Eine innige Umarmung im Sand folgt, ein Triumph-Sprint mit der deutschen Fahne quer über den Court. Die „Schlacht“, von der Emanuel Rego später spricht, dieser Final-Krimi mit so vielen sensationellen Ballwechseln, mit Höhen und Tiefen auf beiden Seiten staut Gefühle en masse auf, die einfach nur `raus wollen. Sogar um drei in der Früh weicht das ins Gesicht zementierte Dauergrinsen bei Brink/Reckermann nicht, obwohl kein Club mehr zu finden ist, in dem die Gold-Party mit Familie, Freunden und engen Bekannten weiter gehen kann.

Gibt es ein Erfolgsgeheimnis dieser Gute-Laune-Jungs mit den Dreitagebärten, die für den aus deutscher Sicht emotionalsten Moment der Olympischen Spiele sorgen? „Wir ergänzen uns und können uns aufeinander verlassen“, sagt Reckermann. Die vielen Kleinigkeiten möchte er in diesem glanzvollen Augenblick nicht aufzählen. „Bitte nur kurze Fragen und kurze Antworten. Ich will einfach nur abfeiern.“

Zukunft der goldenen Beach-Boys ist nur für 2013 geklärt

Eine Antwort allerdings fällt etwas länger aus. Sie muss etwas länger ausfallen. „Dazu kann ich nichts sagen. Meine Oma schaut zu“, windet sich Julius Brink noch frech grinsend vor den Fernsehkameras. Später lüftet er das Geheimnis doch und erzählt über diese zwei außergewöhnlichen Maskottchen, die sich Brink/Reckermann vor der Abreise nach London aus dem Internet bestellten. „Gummipuppen“, sagt er in der offiziellen Pressekonferenz und grinst verlegen, während Reckermann vor Lachen fast vom Stuhl fällt und die Übersetzerin tiefrot anläuft.

Aufgeblasen sollten sie im Appartement der deutschen Beachvolleyballer eigentlich mit der offiziellen Kleidung versehen werden. „Wir brauchten halt etwas für die Klamotten - und nichts anderes.“ Weil das Weltmeister-Duo von 2009 vor den Spielen aber aus dem Olympischen Dorf in private Hotelzimmer zog, um sich in Ruhe vorbereiten zu können, blieb es bei der Idee. Den Puppen widerfuhr Schreckliches: „Ohne näher ins Detail gehen zu wollen, aber als unsere Frauenteams aus dem Turnier ausgeschieden sind, haben sie die armen Puppen übelst misshandelt“, sagt Brink.

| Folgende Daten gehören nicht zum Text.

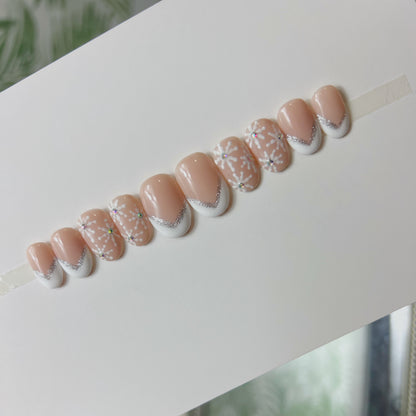 Snowflake French Tip Press On Nails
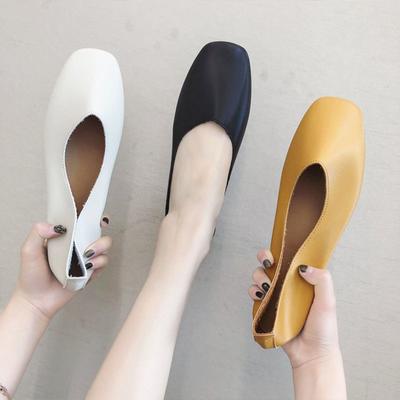 Осенние новые туфли на плоской подошве с квадратным носком и неглубоким носком. Туфли-лодочки. Повседневные туфли на плоской подошве из кожи. Женская рабочая обувь. Женские туфли без застежек в горошек.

Obwohl in Plauderlaune verplappert sich das Duo, welches seit vier Jahren gemeinsam unterwegs ist, bei einem Thema nicht. Die Zukunft der goldenen Beach-Boys ist nur für das nächste Jahr geklärt. „Wir wollen jetzt erstmal diesen außergewöhnlichen Moment genießen“, sagt Jonas Reckermann, der im November Vater wird, „zu allen anderen Themen können Sie mich vielleicht in zwei Wochen befragen.“ Falls er bis dahin realisiert hat, wozu die missratene Abwehraktion seines Kollegen führte.